§ How to complete this task
Once the line with "Day of the dead mask red" is reached, output it and every line after it, exactly, through the end of the records below. Pictures are skipped.

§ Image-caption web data
========================================
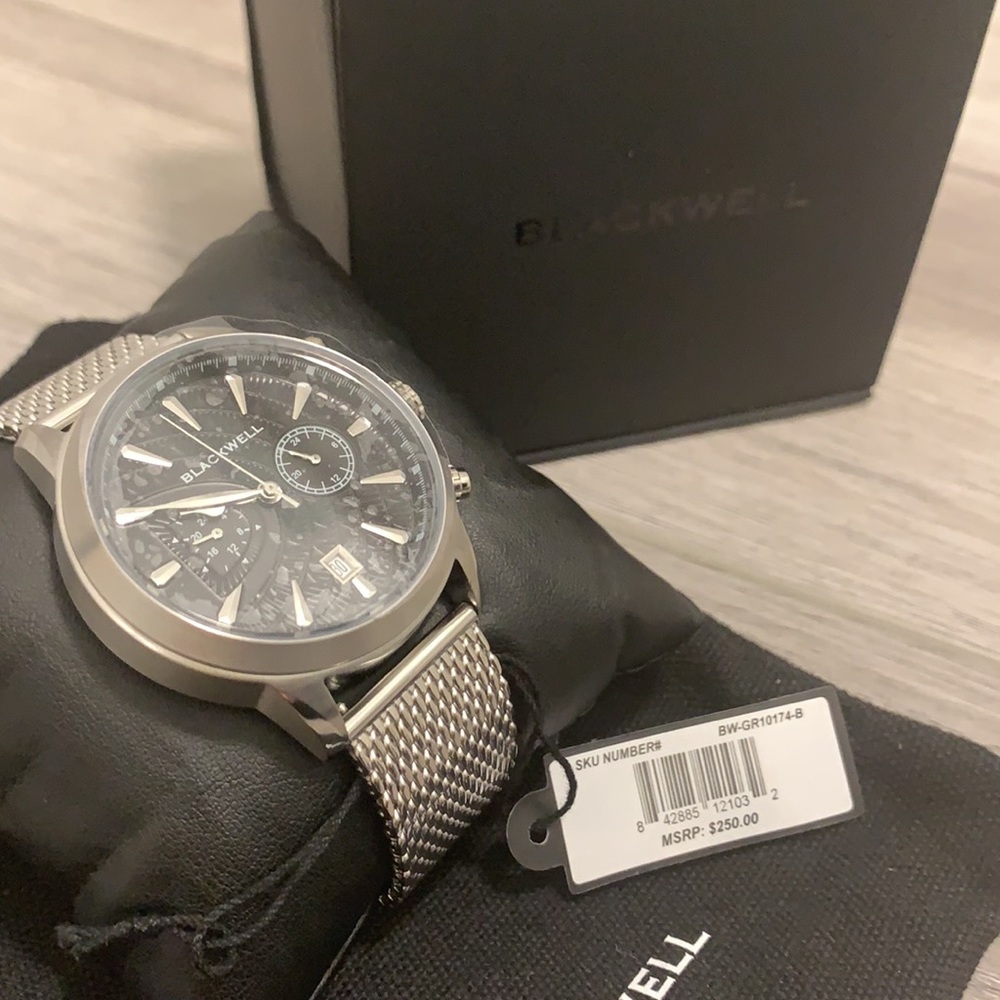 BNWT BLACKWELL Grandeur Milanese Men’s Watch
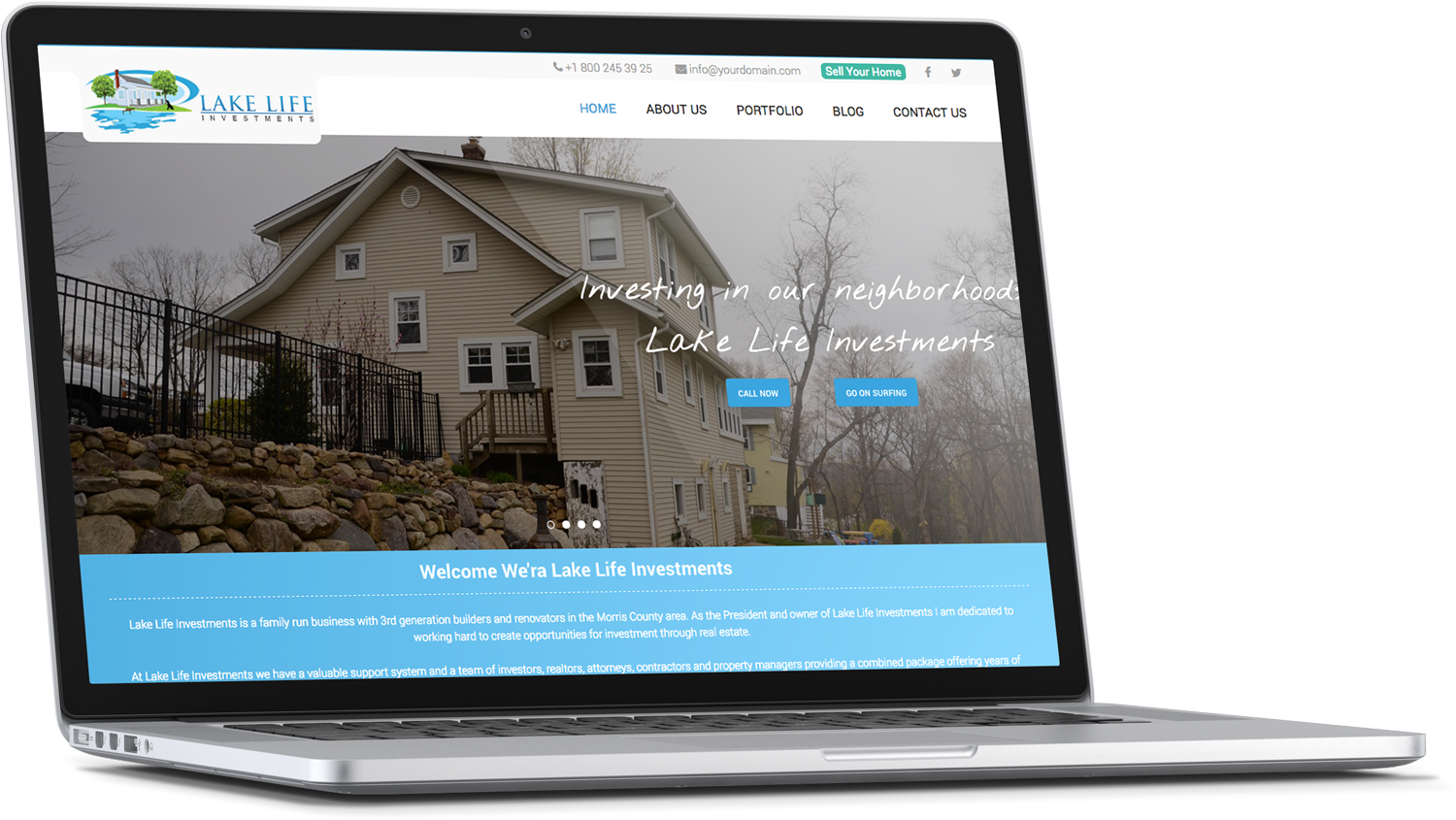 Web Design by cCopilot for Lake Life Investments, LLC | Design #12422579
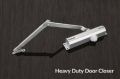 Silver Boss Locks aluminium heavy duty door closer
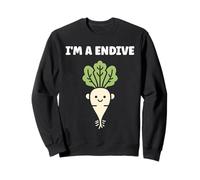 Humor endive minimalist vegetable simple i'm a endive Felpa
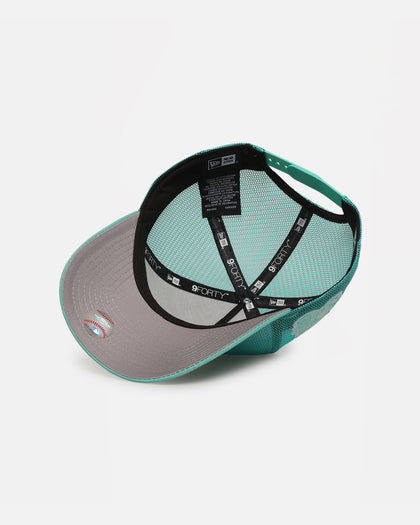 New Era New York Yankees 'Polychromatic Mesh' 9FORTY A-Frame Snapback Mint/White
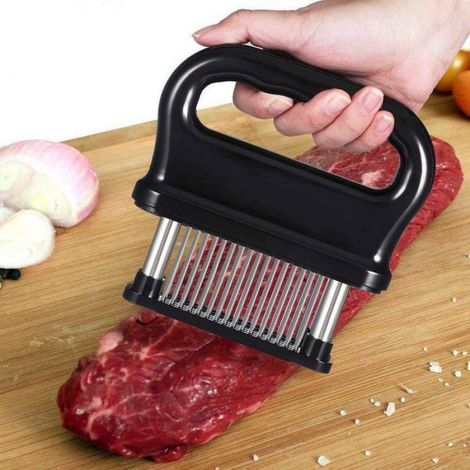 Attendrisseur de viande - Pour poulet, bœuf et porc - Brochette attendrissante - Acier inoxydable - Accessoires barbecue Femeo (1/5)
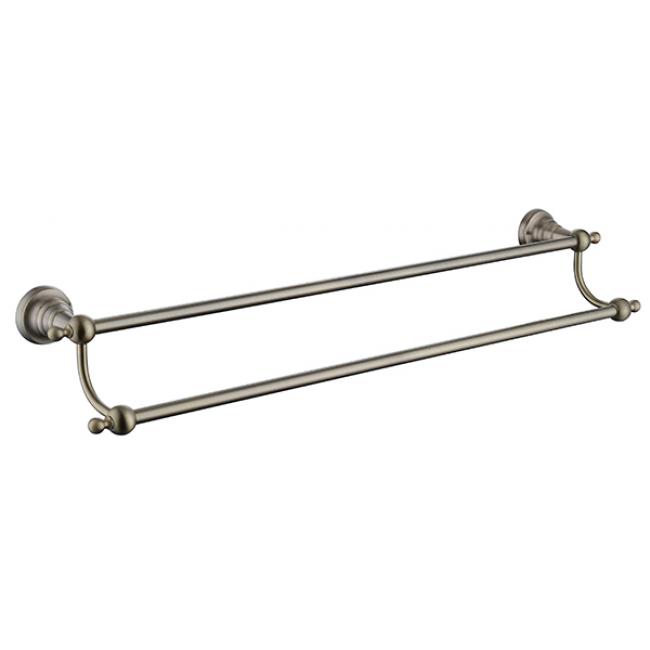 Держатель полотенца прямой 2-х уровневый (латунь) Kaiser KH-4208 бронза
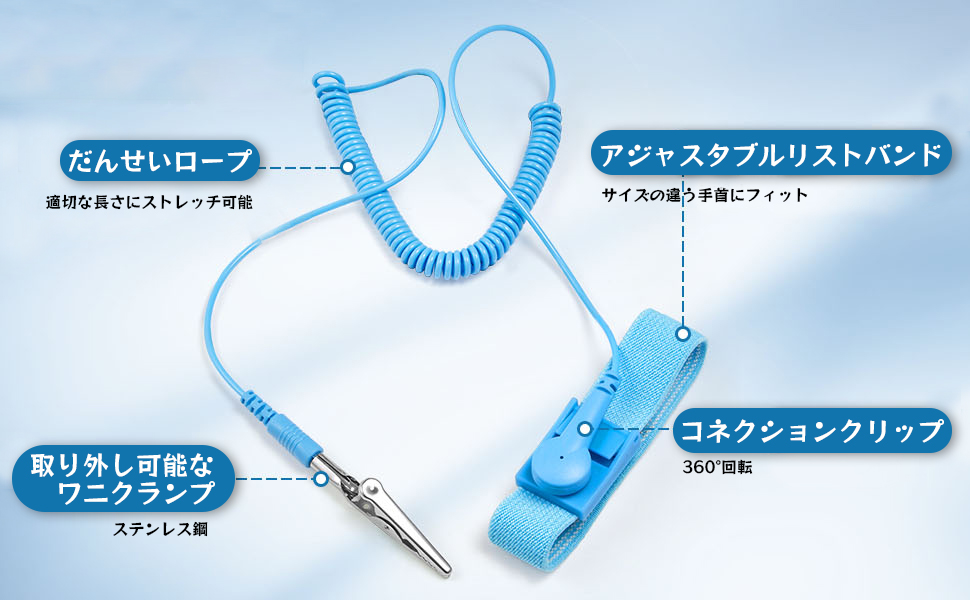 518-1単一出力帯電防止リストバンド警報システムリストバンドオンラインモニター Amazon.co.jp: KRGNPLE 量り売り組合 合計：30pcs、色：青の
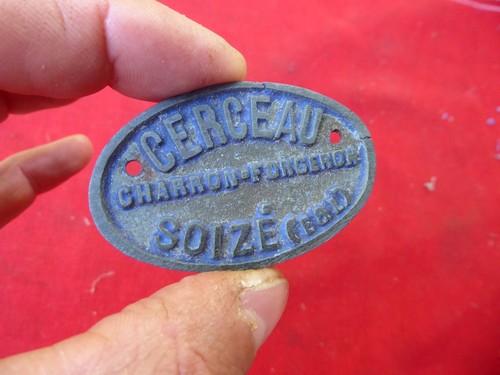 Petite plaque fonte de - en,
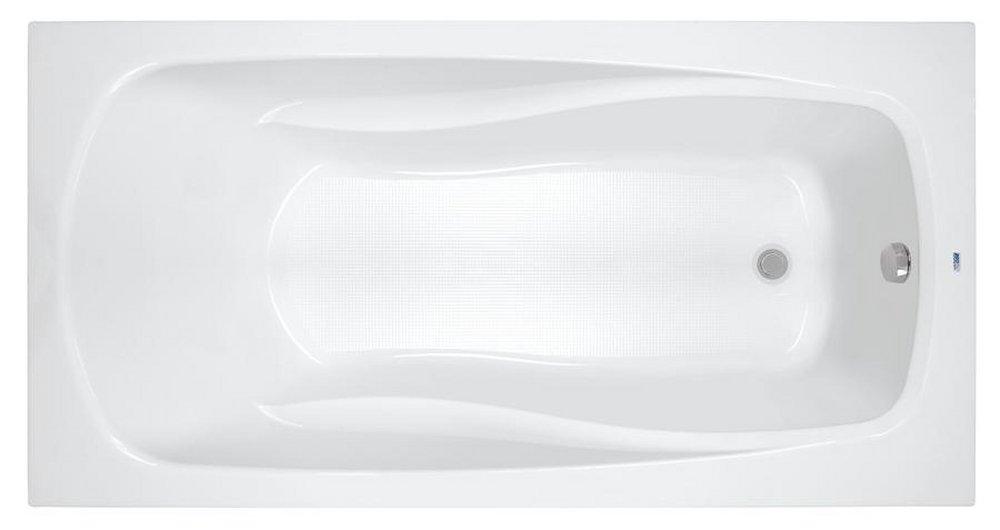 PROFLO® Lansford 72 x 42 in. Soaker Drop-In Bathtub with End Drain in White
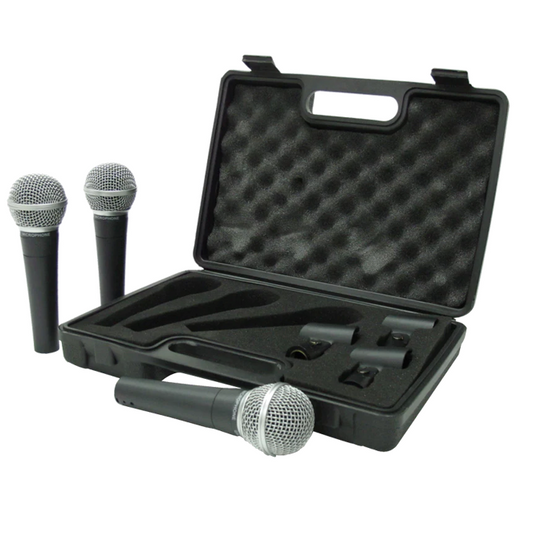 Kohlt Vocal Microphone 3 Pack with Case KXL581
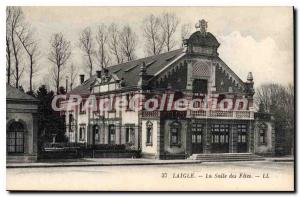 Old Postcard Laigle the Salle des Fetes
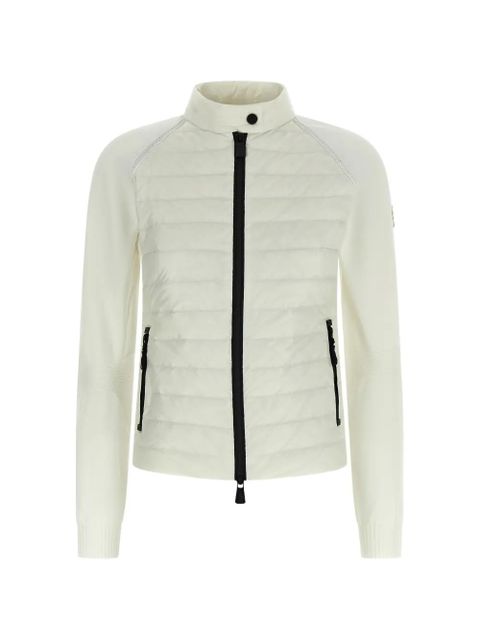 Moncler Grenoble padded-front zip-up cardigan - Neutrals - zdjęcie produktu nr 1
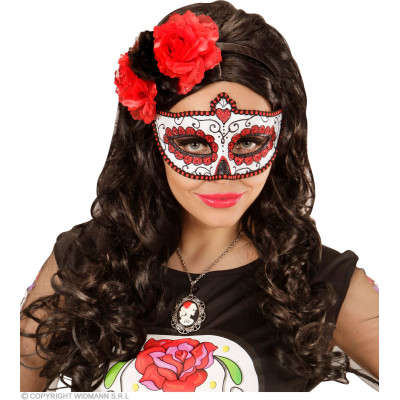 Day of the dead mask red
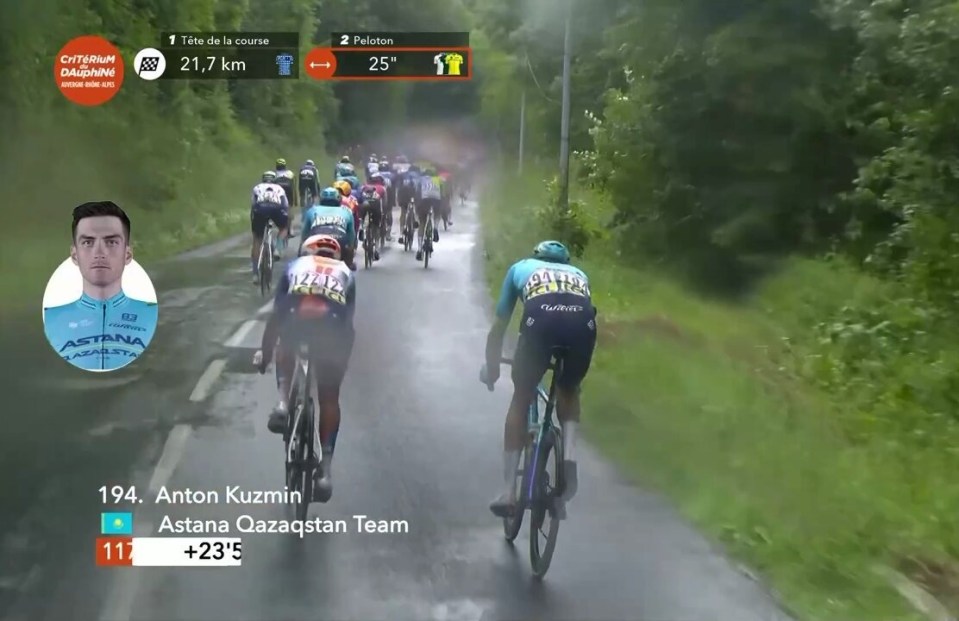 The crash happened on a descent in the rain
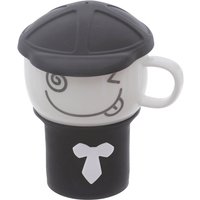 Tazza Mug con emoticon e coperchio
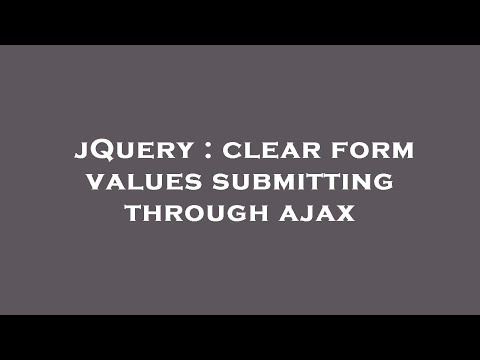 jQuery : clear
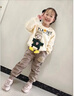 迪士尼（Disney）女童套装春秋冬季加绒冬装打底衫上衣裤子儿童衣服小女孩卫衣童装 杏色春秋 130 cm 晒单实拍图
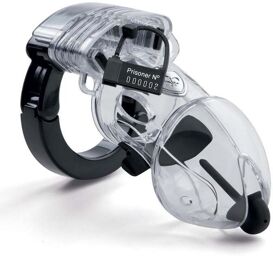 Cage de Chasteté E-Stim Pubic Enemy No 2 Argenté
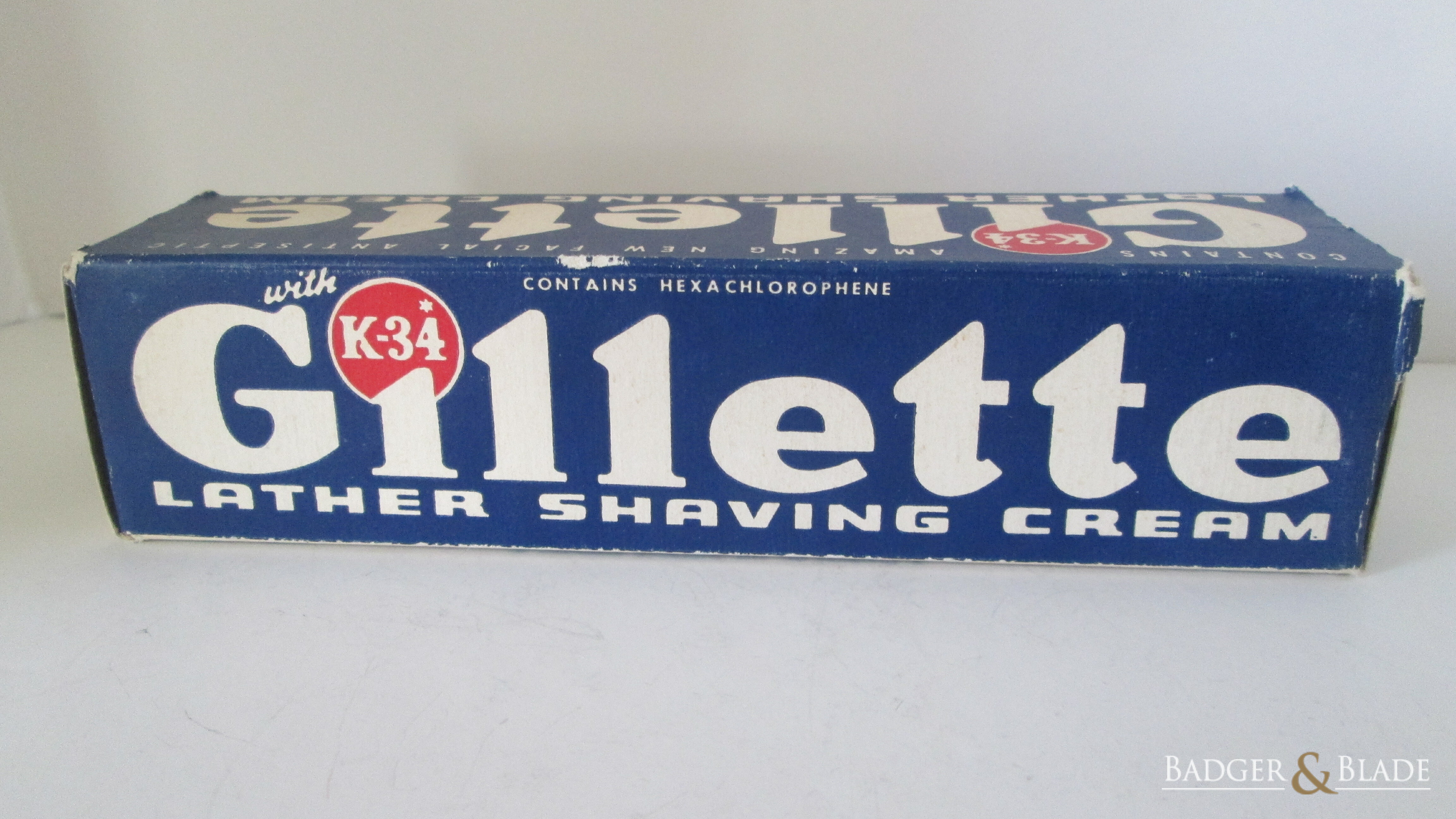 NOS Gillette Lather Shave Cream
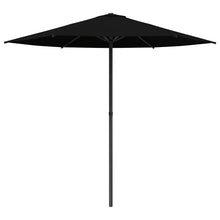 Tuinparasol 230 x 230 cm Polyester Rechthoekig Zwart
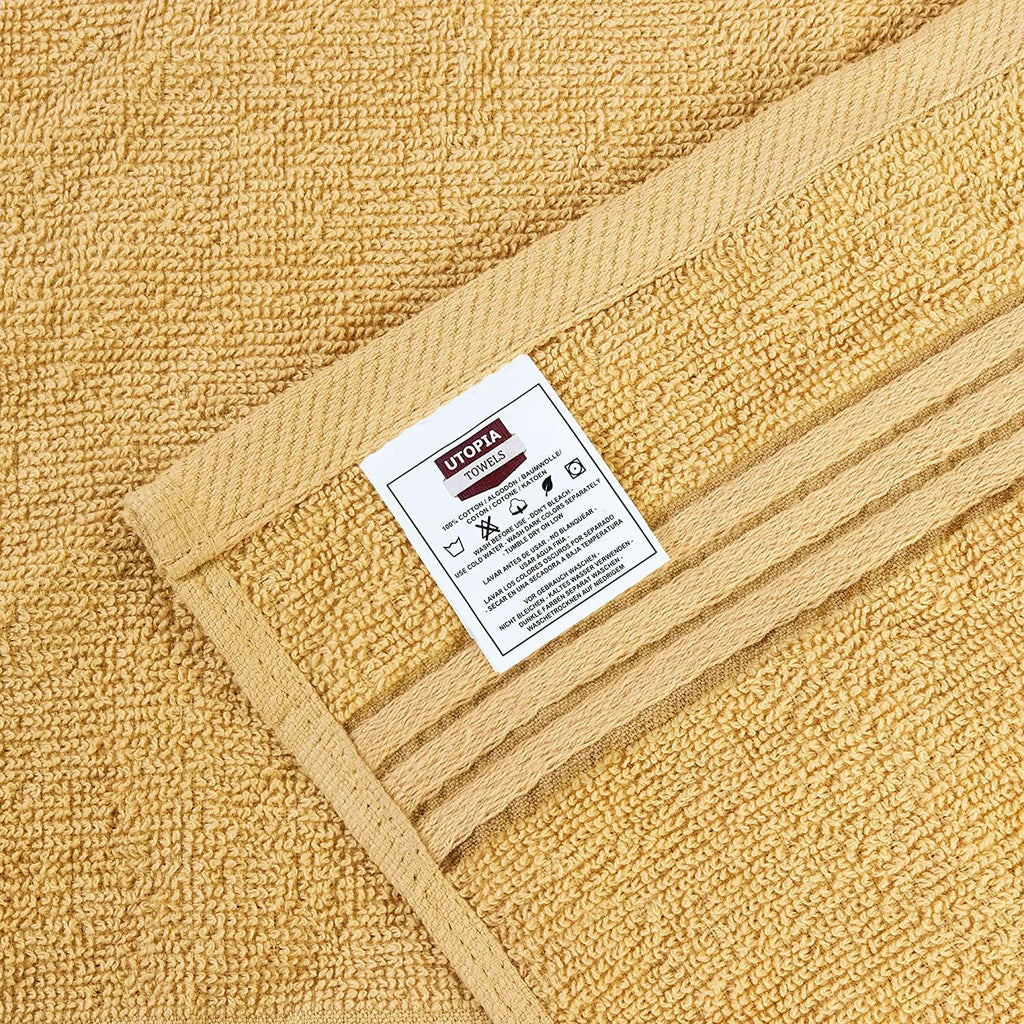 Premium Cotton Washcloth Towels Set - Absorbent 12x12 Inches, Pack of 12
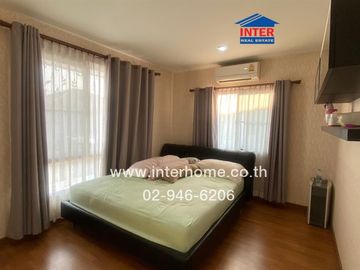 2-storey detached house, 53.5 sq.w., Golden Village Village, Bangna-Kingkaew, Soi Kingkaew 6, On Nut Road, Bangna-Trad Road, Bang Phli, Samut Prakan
========================================
§ Your response
 Day of the dead mask red
 The crash happened on a descent in the rain
 Tazza Mug con emoticon e coperchio
 jQuery : clear
 迪士尼（Disney）女童套装春秋冬季加绒冬装打底衫上衣裤子儿童衣服小女孩卫衣童装 杏色春秋 130 cm 晒单实拍图
 Cage de Chasteté E-Stim Pubic Enemy No 2 Argenté
 NOS Gillette Lather Shave Cream
 Tuinparasol 230 x 230 cm Polyester Rechthoekig Zwart
 Premium Cotton Washcloth Towels Set - Absorbent 12x12 Inches, Pack of 12
 2-storey detached house, 53.5 sq.w., Golden Village Village, Bangna-Kingkaew, Soi Kingkaew 6, On Nut Road, Bangna-Trad Road, Bang Phli, Samut Prakan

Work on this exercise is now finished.